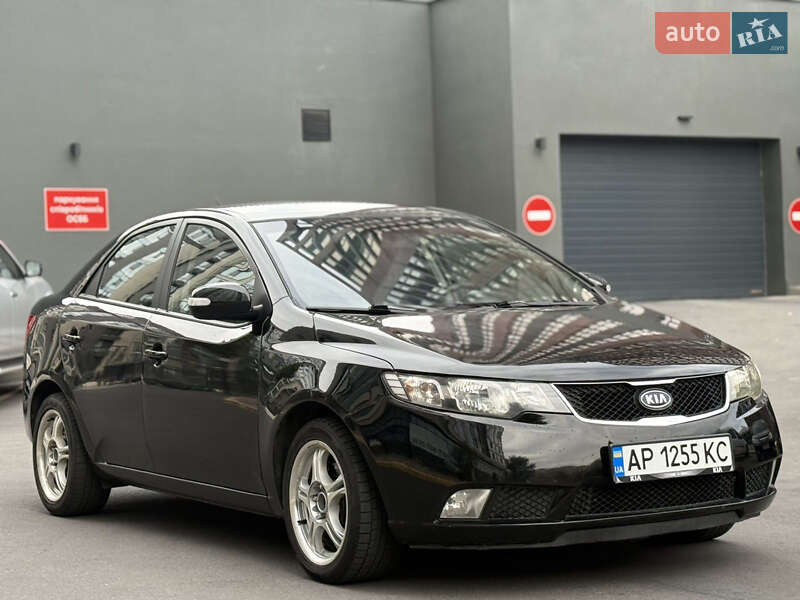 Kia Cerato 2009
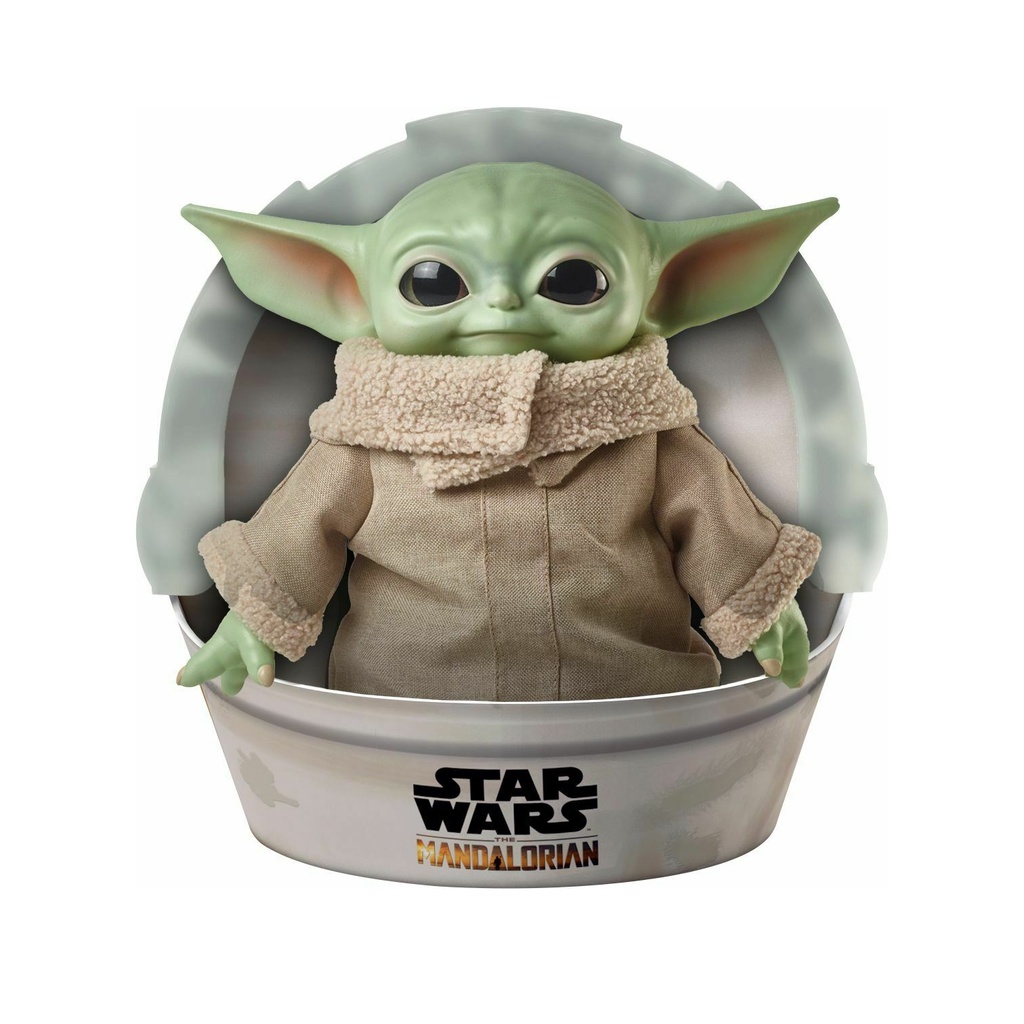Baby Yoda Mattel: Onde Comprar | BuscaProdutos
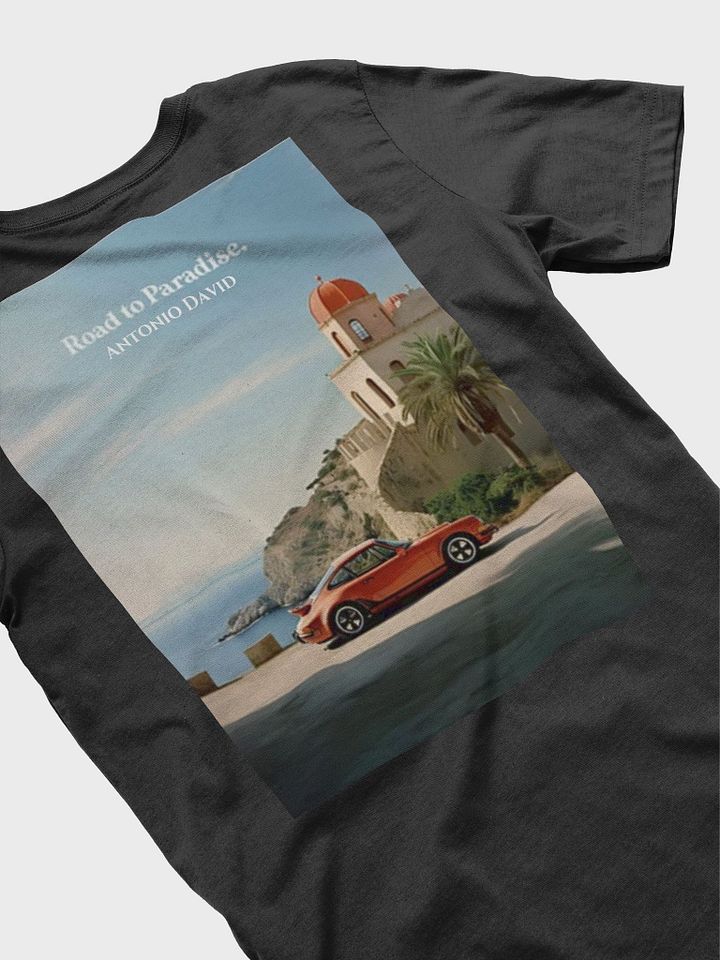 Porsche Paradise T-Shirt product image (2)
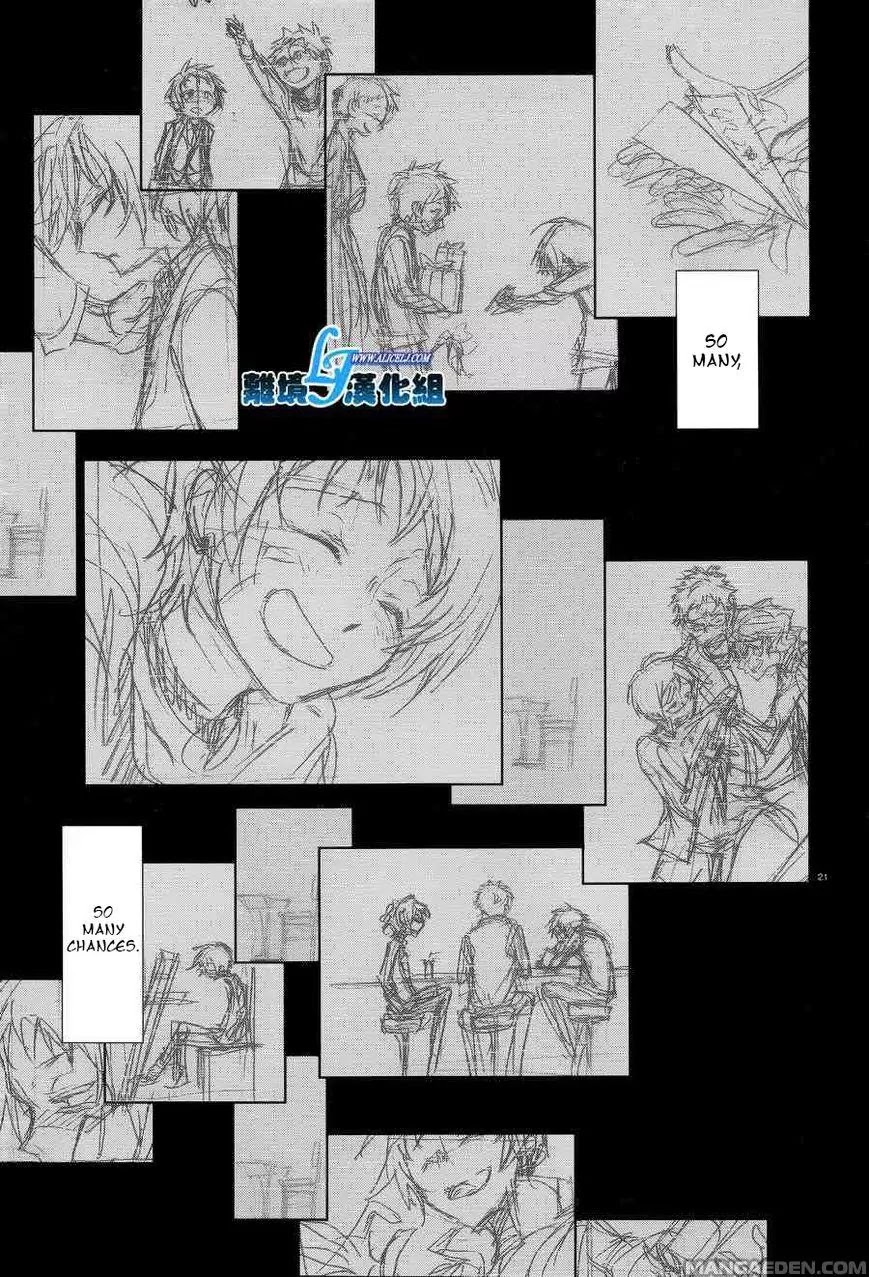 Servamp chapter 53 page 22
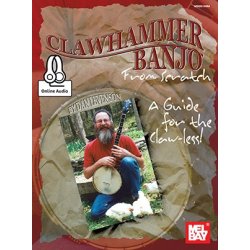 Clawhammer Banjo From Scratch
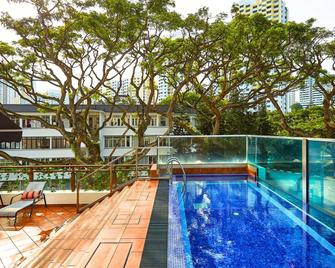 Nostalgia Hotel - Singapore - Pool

--------------------------------

Prompt ▸ Set down all of the entries precisely and keep the pictures out of the copy.

Problem solution ▸
 Kia Cerato 2009
Baby Yoda Mattel: Onde Comprar | BuscaProdutos
 Porsche Paradise T-Shirt product image (2)
 Servamp chapter 53 page 22
 Clawhammer Banjo From Scratch
 Nostalgia Hotel - Singapore - Pool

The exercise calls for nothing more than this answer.